Atkins describes his practice as ’readymade abstraction’. Appropriating designs drawn from sources as diverse as product packaging, highway road signage and mid-twentieth century jazz album covers, he pares back extraneous details – typically removing text and any representational imagery – and reduces it to an abstract composition in which line, form and colour exist in a finely calibrated visual harmony. Atkins’ art is deeply rooted in the history of Modernism and various strands of twentieth century art. Within this he identifies in particular the influence of Minimalism and its drive towards an aesthetic simplicity, Pop Art and its co-opting of commercialism and re-presentation of the mass-produced object, and the post-modernist practices of appropriation and deconstruction, all as being significant within his approach.
Being based on designs drawn from the flotsam and jetsam of the everyday, Atkins’ unique brand of abstraction involves an element of familiarity – albeit one that is not immediately or easily identifiable after it has been transformed in his hands ¬– that successfully counteracts the struggle most viewers experience when looking for meaning in pure abstraction. This focus on familiar forms and shared cultural references injects an element of humanism into the work, giving it a broad relevance that evokes individual memories and experiences, and opens up the possibilities of personal meaning and narrative being ascribed to it.
There was an element of synchronicity at play when Atkins visited Christchurch in mid-2014 in preparation for his commission as part of the SCAPE 8 Public Art Christchurch Biennial. Being driven in a taxi from the airport through the city’s centre he was confronted by the physical realities of a city recovering from the devastation of the 2011 earthquake in which almost two hundred people were killed and more than half of the buildings in the CBD were brought down or subsequently demolished.  One of the first things that caught his eye from the taxi was a distinctive road sign, a combination of black directional arrows and angular orange forms against a reflective white ground. Hurriedly taking a photograph from the taxi, Atkins would later discover the sign was one of a series of lane management signs used to direct the flow of traffic around buildings under repair and construction throughout the city. These signs are unique to New Zealand and while the individual elements of the graphic language were familiar to the Australian-based artist, he was fascinated by the variation they presented when the series of eighteen was fully documented and collated.

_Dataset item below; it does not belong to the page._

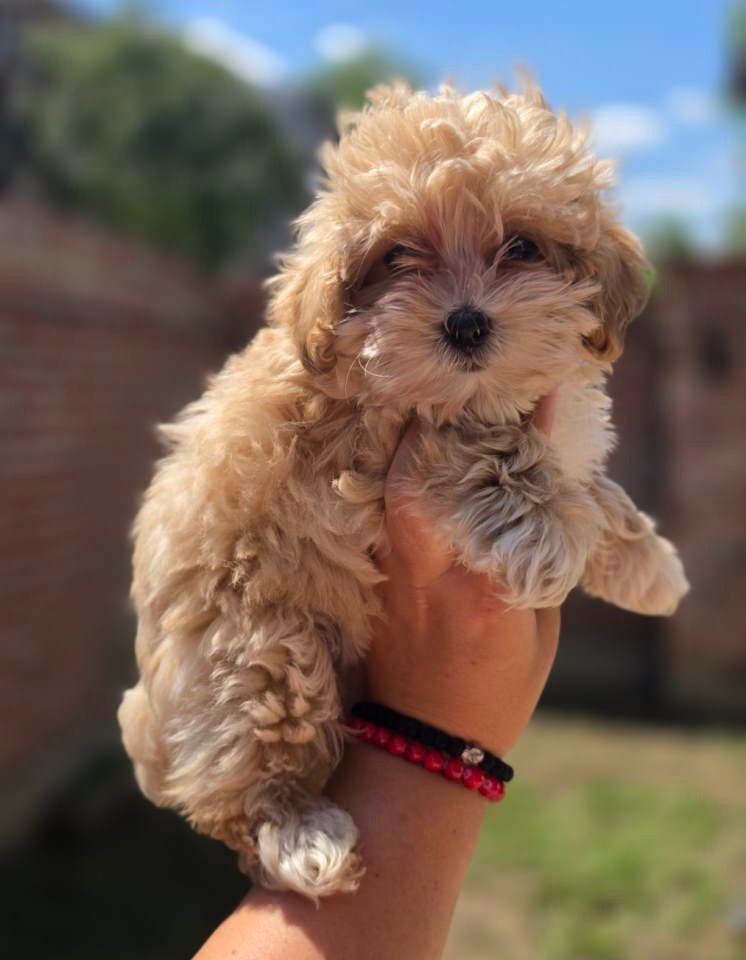 Maltipoo bebe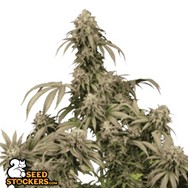 SeedStockers Seeds Mandarin Panties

As part of this visit Atkins travelled to Oamaru in Otago, where New Zealand’s pre-eminent modernist artist, Colin McCahon, was born. Moved by the landscape of the region, which he recognised from the colours and forms of the artist’s paintings of the subject, Atkins also recalled the Angels and Bed 1976-77 series, large works on paper that had been his first experience of the artist’s work many years before.  McCahon made these works, which utilise a series of black and white linear and geometric forms, to describe the rooms in which he had visited sick and bed-ridden friends, and it was this recollection which drew together various strands of Atkins’ experience, including a visual connection between McCahon and the road signs, at which point the conceptual framework of his commissioned public sculpture began to emerge.

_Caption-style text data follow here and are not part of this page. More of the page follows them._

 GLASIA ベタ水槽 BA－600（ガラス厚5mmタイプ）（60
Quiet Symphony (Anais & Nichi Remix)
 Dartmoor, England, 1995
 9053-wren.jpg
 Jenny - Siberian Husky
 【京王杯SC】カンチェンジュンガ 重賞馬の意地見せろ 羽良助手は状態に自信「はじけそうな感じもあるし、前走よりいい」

Making art based on road signs was not entirely new to Atkins who, in 2010 had produced a major series entitled the Hume Highway Project. In this work the road signs along the Hume Highway between Melbourne and Sydney were transformed into abstract paintings, familiar to anyone who has ever driven that route and yet, devoid of all text and graphics, quietly elusive. Other artistic precedents also came into play – from Robert Macpherson and his monumental paintings based on the rough and ready hand-painted signs that advertise rural produce along many country roads, and Rosalie Gascoigne, whose collages of retro-reflective road signs have come to define the subject. The influence of these diverse sources on the final realisation of Atkins’ work are subtle however, as his unique aesthetic comes to the fore and familiarity, however indefinable, prompts the layering of individual memories, experience and meaning across the work.

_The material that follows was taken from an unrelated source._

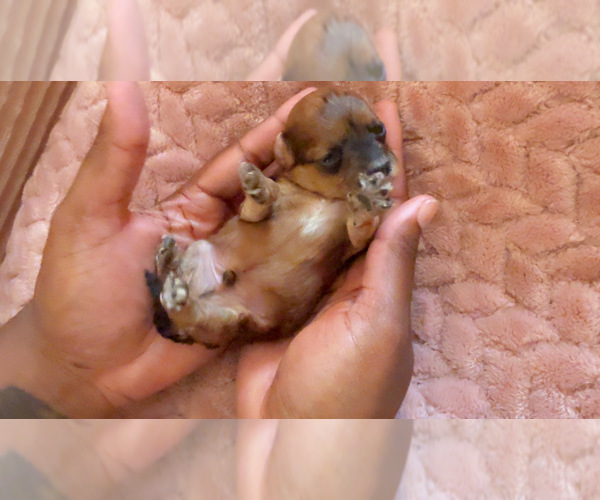 Medium Photo #4 Yorkipoo Puppy For Sale in ARLINGTON, TX, USA
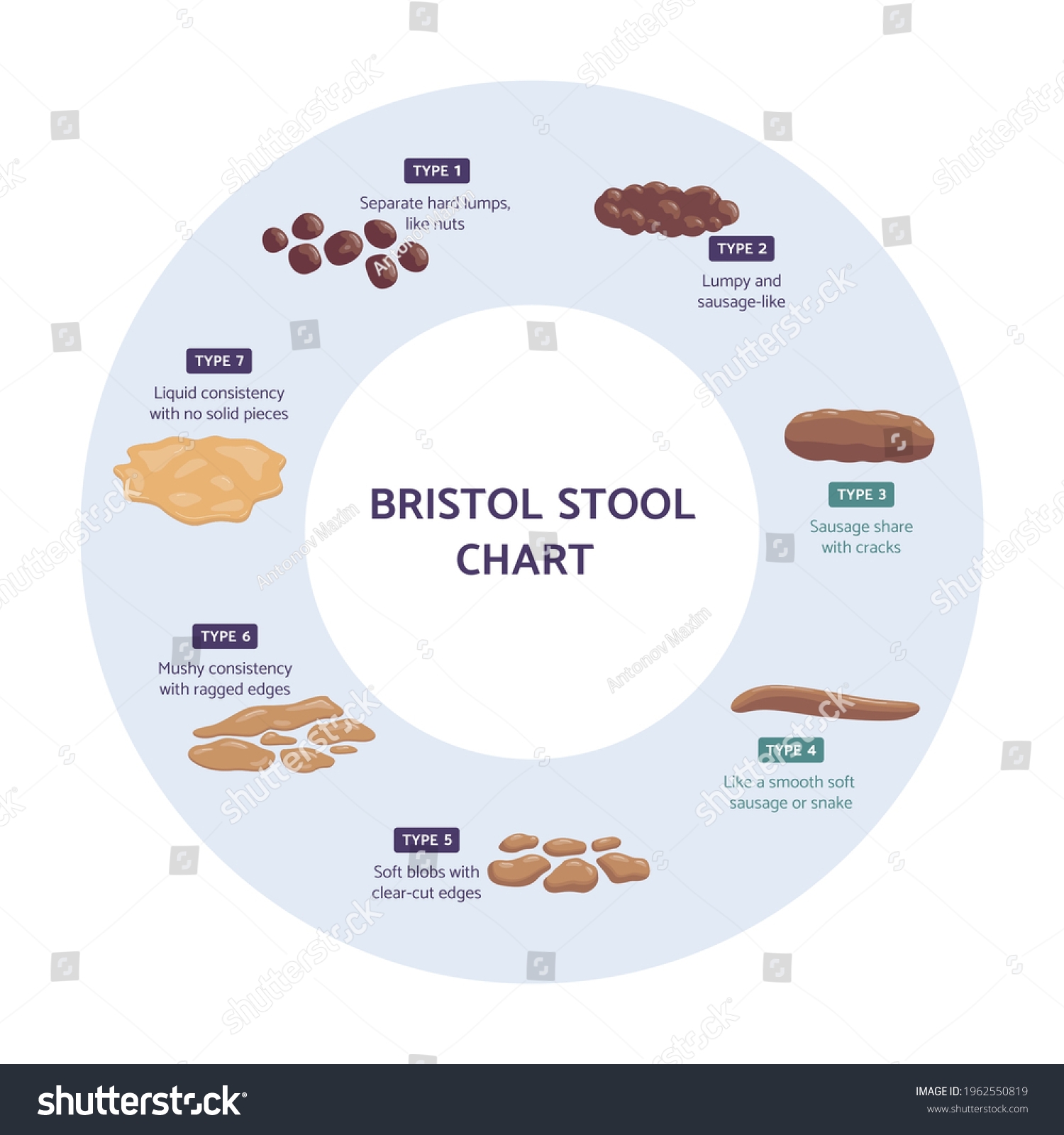 Bristol Stool Chart Citation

Under Construction – Chaos and Order, Peter Atkins’ commission for SCAPE8 presents a double-sided sculpture that utilises the essential materials of a roadside sign, as well as adopting its basic form. The lane management signs have been reduced to a series of white squares intersected by a variety of triangular and shard-like orange forms and arranged in a 3 x 6 grid. Located on Gloucester Street, the work is visible from both sides and it is here that the binary opposites of the title come into play. The chaos of one side is the result of the deconstructed signs having been arranged in a random way that sees the orange forms scattered haphazardly across the surface, as if they have been tossed into the air and left where they fell. This apparent lack of order is countered on the reverse by a more controlled configuration in which the mirroring of the orange forms across adjacent signs produces a series of arrowhead shapes suggesting logic, order and signalling the way ahead.
In making this piece Atkins wanted to work within the existing vernacular of roadside signs, collaborating with engineers, manufacturers and a local installation crew and utilising exactly the same materials and processes to fabricate and install the signs. It is through these means that the work will challenge and surprise, as both local residents and visitors to Christchurch, realise that the sign they just drove past is not just a sign and stop to look again. Although Atkins’ visual language is abstraction, his is an art that seeks to engage the viewer through the re-presentation of familiar elements and through this, to provide a space in which they can interpret the work and create personal narratives around it.
 http://www.nzhistory.net.nz/page/christchurch-earthquake-kills-185, accessed 20 September 2015
 Atkins saw the Angels and Bed series in the stockroom at Martin Browne Fine Art, Sydney.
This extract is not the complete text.